Hi everyone,
I'm learning to use regular expressions. Would you please give me advice about
how to proceed.
Thanks,
Kathy
I have written a perl program that parses a file and organizes the data into
records with 3 fields. Then this data is imported into FileMaker. Sample data is
below. The S numbers are unique identifiers. Every line with the same S number
belongs to one record.The 3070050 and 3070055 numbers are codes. Each line with
the 3070050 code belongs to the diagnosis field, and each line with the 3070055
code belongs to the comment field.
My problem is the formatting for the 2 multi-line fields.
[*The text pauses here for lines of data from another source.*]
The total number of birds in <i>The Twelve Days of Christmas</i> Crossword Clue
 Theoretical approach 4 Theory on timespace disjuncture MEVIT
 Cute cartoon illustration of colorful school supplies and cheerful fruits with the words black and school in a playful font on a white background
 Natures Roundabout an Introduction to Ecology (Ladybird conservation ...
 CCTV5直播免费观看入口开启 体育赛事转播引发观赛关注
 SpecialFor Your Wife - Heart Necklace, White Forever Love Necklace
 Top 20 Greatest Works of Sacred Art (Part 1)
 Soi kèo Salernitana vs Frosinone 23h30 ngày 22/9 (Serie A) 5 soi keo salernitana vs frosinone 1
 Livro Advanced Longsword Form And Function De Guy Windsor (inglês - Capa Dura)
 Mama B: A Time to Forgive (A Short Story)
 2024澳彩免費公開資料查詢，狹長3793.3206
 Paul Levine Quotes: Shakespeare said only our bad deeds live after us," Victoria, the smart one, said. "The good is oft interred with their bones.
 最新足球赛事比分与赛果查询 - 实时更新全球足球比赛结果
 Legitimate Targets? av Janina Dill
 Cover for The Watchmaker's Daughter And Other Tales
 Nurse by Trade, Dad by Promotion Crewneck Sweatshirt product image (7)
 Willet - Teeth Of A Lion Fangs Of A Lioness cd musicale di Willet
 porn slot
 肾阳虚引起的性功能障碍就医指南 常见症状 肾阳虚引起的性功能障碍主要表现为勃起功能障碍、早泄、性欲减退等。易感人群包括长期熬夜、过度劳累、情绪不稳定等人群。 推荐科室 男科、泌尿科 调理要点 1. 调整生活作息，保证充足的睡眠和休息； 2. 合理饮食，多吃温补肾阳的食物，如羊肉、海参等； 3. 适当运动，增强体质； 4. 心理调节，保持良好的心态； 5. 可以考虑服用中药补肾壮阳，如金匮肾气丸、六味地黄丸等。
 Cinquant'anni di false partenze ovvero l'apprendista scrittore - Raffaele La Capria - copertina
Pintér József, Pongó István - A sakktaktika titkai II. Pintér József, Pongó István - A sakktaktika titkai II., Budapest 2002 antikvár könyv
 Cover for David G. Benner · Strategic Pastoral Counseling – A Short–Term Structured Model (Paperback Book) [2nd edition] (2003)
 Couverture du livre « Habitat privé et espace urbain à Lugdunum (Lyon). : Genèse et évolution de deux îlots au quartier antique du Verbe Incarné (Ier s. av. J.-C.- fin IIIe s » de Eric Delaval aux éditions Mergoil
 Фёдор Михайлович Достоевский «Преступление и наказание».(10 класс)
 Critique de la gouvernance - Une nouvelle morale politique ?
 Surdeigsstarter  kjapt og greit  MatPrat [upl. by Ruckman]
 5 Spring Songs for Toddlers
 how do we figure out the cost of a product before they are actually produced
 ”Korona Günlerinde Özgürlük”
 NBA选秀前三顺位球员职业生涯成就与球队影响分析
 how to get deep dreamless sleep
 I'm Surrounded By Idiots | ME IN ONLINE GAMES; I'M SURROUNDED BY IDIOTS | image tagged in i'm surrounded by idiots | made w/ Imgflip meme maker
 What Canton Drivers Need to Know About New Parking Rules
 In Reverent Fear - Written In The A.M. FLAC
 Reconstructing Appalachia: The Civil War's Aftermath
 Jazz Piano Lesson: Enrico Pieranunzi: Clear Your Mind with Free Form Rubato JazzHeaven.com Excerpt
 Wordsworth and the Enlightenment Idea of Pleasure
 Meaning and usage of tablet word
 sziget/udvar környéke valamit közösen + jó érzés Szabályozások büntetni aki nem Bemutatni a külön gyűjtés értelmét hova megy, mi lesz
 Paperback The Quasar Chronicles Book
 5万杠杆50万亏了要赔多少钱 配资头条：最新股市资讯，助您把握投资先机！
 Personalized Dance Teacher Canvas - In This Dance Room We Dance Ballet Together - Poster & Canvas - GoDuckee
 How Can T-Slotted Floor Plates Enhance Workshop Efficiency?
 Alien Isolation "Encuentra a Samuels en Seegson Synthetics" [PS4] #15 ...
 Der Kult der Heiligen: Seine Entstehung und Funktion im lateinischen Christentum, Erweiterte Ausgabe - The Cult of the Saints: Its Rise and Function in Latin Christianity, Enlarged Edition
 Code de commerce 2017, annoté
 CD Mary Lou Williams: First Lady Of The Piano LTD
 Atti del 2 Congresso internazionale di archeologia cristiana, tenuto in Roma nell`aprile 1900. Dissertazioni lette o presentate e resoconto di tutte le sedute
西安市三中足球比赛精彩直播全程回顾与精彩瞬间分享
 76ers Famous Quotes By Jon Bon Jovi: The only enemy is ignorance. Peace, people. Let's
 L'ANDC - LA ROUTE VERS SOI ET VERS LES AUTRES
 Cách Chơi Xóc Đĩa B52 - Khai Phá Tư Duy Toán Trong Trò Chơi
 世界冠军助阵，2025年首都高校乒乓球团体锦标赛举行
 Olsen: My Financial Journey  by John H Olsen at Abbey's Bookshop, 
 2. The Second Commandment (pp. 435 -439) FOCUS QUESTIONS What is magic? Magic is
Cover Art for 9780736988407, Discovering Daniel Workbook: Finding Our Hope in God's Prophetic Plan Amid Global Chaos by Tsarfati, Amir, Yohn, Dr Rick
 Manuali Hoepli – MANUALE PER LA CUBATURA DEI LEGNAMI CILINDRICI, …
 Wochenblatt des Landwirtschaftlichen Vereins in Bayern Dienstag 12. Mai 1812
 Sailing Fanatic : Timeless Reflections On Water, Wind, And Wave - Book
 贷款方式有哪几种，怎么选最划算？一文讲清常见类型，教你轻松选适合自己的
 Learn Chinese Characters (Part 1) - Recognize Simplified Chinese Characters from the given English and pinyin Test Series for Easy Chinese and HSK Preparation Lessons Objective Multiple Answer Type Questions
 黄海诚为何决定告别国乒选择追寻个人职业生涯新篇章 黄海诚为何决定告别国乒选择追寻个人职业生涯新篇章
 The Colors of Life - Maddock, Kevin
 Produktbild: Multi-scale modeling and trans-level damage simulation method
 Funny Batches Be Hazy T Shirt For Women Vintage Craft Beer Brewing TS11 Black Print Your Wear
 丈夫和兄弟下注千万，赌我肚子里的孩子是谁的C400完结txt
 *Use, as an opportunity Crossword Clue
These fields end up
with a lot of extraneous white space in them. Sample data from the original file
that goes into the diagnosis field of one record:
Right peritoneal "tissue" (cell block section):^
1. Mesothelial cells, wbcs, and blood clot.^
2. No evidence of malignancy.^
CR-0^
looks like this in the out file (all one one line):
Right peritoneal "tissue" (cell block section):^
1. Mesothelial cells, wbcs, and blood clot.^
2. No evidence of malignancy.^ CR-0^
So I used this regular expression to replace 2 or more consecutive spaces with
one space:
$textline =~ s/\s{2,}/ /g;
Now the data looks like this (all one one line):
Right peritoneal "tissue" (cell block section):^ 1. Mesothelial cells, wbcs,
and blood clot.^ 2. No evidence of malignancy.^ CR-0^
I am still left with ^ and CR-0. I can remove those. But, is there any way to
preserve the formatting of the text? Much of the data is in multi-line, outline
format. That looks awful without the carriage returns. I tried adding a \r at
the end of each line from the input file. This is what the data looks like after
I add an \r at the end of each line from the input file:
Right peritoneal "tissue" (cell block section):^
1. Mesothelial cells, wbcs, and blood clot.^
2. No evidence of malignancy.^
CR-0^
BUT This is what it looks like after I import it into FileMaker:
Right peritoneal "tissue" (cell block section):^
1. Mesothelial cells, wbcs, and blood clot.^
2. No evidence of malignancy.^
CR-0^
Here's some of the original data:
00 S2495 3070050 Tenosynovium, left hand; excisional bioppsy:^
00 S2495 3070050 Connective tissue with mild myxomatous change. No
00 S2495 3070050 inflammation^
00 S2495 3070050 CR-0 ^
00 S2495 3070055 CR-0 ^
00 S0162 3070050 Mediastinal mass:^
00 S0162 3070050 Hodgkin's lymphoma, nodular sclerosing type- see
00 S0162 3070055 Sections stained by the immunoperoxidase technique with
00 S0162 3070055 CD15, CD30, CD45, CD20, CD79a and CD3 revealed that large
00 S0162 3070055 cytologic characteristics of Reed-Sternberg cells and
00 S0162 3070055 CD15, CD30 positive, CD45, CD20, CD79a, CD3 negative
00 S0162 3070055 with Hodgkin's lymphoma. Flow cytometric analysis
00 S0162 3070055 or T cell clonality, consistent with that diagnosis. ^
00 S0199 3070050 Right peritoneal "tissue" (cell block section):^
00 S0199 3070050 1. Mesothelial cells, wbcs, and blood clot.^
00 S0199 3070050 2. No evidence of malignancy.^
00 S0199 3070050 CR-0^
00 S0199 3070055 The cells in the clot section are strongly
00 S0199 3070055 and cytokeratins AE1/3 and are negative for PSA. Some of
00 S0199 3070055 CK5/6. The findings are consistent with mesothelial
00 S0199 3070055 are identified. ^
00 S0256 3070050 Liver; needle core biopsy:^
00 S0256 3070050 Liver with marked portal and periportal fibrosis. No
00 S0256 3070050 lymphoproliferative disease (see Comment).^
00 S0256 3070050 CR-0 ^
00 S0256 3070055 Trichrome and reticulin stain confirm the degree of
00 S0256 3070055 shows 1+ positivity in hepatocytes and portal
00 S0256 3070055 Dr Smith has reviewed the material and aggrees.